Zambia’s power utility started restoring service after an electricity cut halted supply to eight of the country’s 10 provinces and damaged mines in the continent’s second-biggest copper producer.
A “disturbance” at 7:31 p.m. on Monday led to a shutdown of generators, while restoration started at 1:20 a.m. Tuesday, Zambia Electricity Supply Corp. spokesman Henry Kapata said in comments broadcast on Lusaka-based Radio Phoenix.
The southern African country’s power-generation capacity is 2,310 megawatts, former President Michael Sata said in September.
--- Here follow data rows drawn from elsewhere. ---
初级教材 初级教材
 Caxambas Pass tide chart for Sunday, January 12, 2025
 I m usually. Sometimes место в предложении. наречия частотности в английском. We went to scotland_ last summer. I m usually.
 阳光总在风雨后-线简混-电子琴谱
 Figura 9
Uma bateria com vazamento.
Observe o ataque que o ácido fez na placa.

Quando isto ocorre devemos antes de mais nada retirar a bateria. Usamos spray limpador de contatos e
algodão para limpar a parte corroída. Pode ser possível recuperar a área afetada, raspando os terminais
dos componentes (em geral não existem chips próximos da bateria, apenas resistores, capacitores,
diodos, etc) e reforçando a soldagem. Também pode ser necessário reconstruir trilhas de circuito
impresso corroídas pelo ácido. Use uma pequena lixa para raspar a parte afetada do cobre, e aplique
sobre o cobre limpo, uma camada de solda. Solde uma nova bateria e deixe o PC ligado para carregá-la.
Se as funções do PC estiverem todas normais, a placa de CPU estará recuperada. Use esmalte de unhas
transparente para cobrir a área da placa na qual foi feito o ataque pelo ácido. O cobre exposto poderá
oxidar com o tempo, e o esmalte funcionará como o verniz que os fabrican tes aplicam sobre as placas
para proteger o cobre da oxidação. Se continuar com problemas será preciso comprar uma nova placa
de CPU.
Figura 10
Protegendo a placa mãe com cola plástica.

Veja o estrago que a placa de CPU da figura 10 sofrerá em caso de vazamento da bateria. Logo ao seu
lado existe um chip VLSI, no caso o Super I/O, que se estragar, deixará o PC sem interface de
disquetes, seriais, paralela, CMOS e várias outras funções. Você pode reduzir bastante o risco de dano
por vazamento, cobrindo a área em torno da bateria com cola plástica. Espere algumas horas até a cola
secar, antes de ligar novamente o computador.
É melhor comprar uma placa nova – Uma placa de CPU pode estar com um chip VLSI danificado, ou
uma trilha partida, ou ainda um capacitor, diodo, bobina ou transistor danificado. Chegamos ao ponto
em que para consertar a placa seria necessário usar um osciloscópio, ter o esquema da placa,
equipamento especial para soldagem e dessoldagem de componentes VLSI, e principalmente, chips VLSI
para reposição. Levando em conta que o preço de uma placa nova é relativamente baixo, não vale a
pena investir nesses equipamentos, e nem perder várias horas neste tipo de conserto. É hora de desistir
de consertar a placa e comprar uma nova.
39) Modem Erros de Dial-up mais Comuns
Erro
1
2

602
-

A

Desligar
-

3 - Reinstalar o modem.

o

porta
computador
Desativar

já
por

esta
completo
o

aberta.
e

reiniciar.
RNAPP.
The nation’s mining industry, which uses about half the nation’s electricity, produces more copper than any other African country after the Democratic Republic of Congo.
“The situation has been very bad,” Jackson Sikamo, president of Zambia’s Chamber of Mines, which represents companies including First Quantum Mineral Ltd. and Vedanta Resources Plc’s Konkola unit, said by e-mail. “There will obviously be serious safety implications related to potential flooding and loss of ventilation for the underground mines and massive loss of production all round with possible damage to electrical infrastructure in some cases.”
A December 2013 fault on a transmission line cut power supply to the capital, Lusaka, and Copperbelt province, affecting mines owned by Vedanta and Barrick Gold Corp.